If you have seen the browser, you have pretty much seen the operating system. The OS adds a panel with buttons for the time, battery charge, and Internet connection, as well as a menu that includes some configuration options for a netbook touchpad. There’s not much else in the interface, aside from tabs in the browser that serve as the menu and a theme selector (each of which, of course, you must download to use).
This interface, frankly, is surprising. Not that Google has hidden its intent to build a cloud-based OS, but, until you try Chrome OS, you may not fully realize how much of a departure from the traditional local computer it actually is.
Many of the hands-on features that even the least technically-minded users of free desktops soon take for granted — all the controls for configuration, customization, administration and software installation — are simply not visible. The departure from tradition is far more radical than in a distribution like Jolicloud, which also claims to be Internet-focused, but, more accurately can be said merely to give it as much attention as the local system.
The examples of the change in perspective in Chrome OS are numerous. When you are spending your time in browser windows, themes have less effect than they do on the desktop. Other functions, such as updates, are handled automatically, which is why Google can promote Chrome OS as freeing users from nagging reminders of updates. Others, such as a command line, at first appear to be missing altogether.
Things seem a little more normal when you discover that many apparently missing functions are available as keyboard commands. The fact that pressing the F8 key gives you a handy crib sheet is especially useful to know.
However, since most desktop users remain fixated on the mouse, I suspect that most users will never find these tools, and instead use Chrome OS at a basic level because nothing obviously suggests that more is possible.
Anyway, if they do discover the keyboard commands, they may conclude that the shortcuts no longer function if they happen to press the right hand command keys instead of the left hand ones
Even Ctrl+Alt+T, which opens a command terminal, is less useful than it would be in a desktop distro. True, using a command line, you can ready the crontab jobs that keep the system updated, or determine from the names of repositories (if you didn’t already know) that Chrome OS is based on Ubuntu.
On the whole, though, Chrome OS is such a stripped down and customized operating system that you can’t assume that any of the commands that are normally in a distribution are available until you try them. Installed, Chrome OS occupies only 20% of the space that Ubuntu Maverick occupies, and while that may partially account for its ability to boot in under seven seconds, it also means that a lot is missing.
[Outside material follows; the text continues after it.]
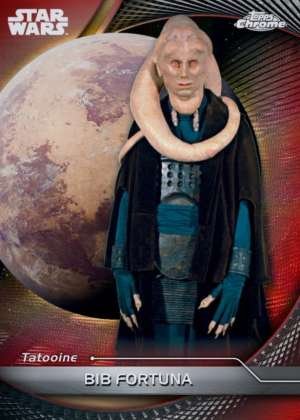 Bib Fortuna - Tatooine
In theory, I suppose that you might be able to make a few tweaks, like adding Ubuntu repositories, and hand-configuring a few files, in order to make Chrome OS more like a traditional distribution. But the chance of booby-traps among Chrome’s custom code seems a distinct possibility.
Anyway, apart from the satisfaction of figuring out how to wrench Chrome away from its intent, why bother? If you are really that determined to have a locally-based operating system, you will probably sniff around Chrome for a while, then move on to a distribution organized more to your liking.
The overall effect is that, while Chrome OS does not weld shut its hood, it might as well have. Everything about it discourages the sort of tinkering that conventional Linux encourages.
The View of the User
A number of things disturb me about Chrome OS. As implemented by Google, cloud computing requires users to trust in the discretion and reliability of the service provider. And while I have nothing particularly damning in my online files, personally I have a hard time extending that trust.
Nor do I believe — no matter what the latest promo suggests — that local computers are any more prone to failure than remote ones. Moreover, if the Internet connection goes down, a local machine can still be used productively. By contrast, if the connection goes down on a Chrome netbook, it becomes completely useless.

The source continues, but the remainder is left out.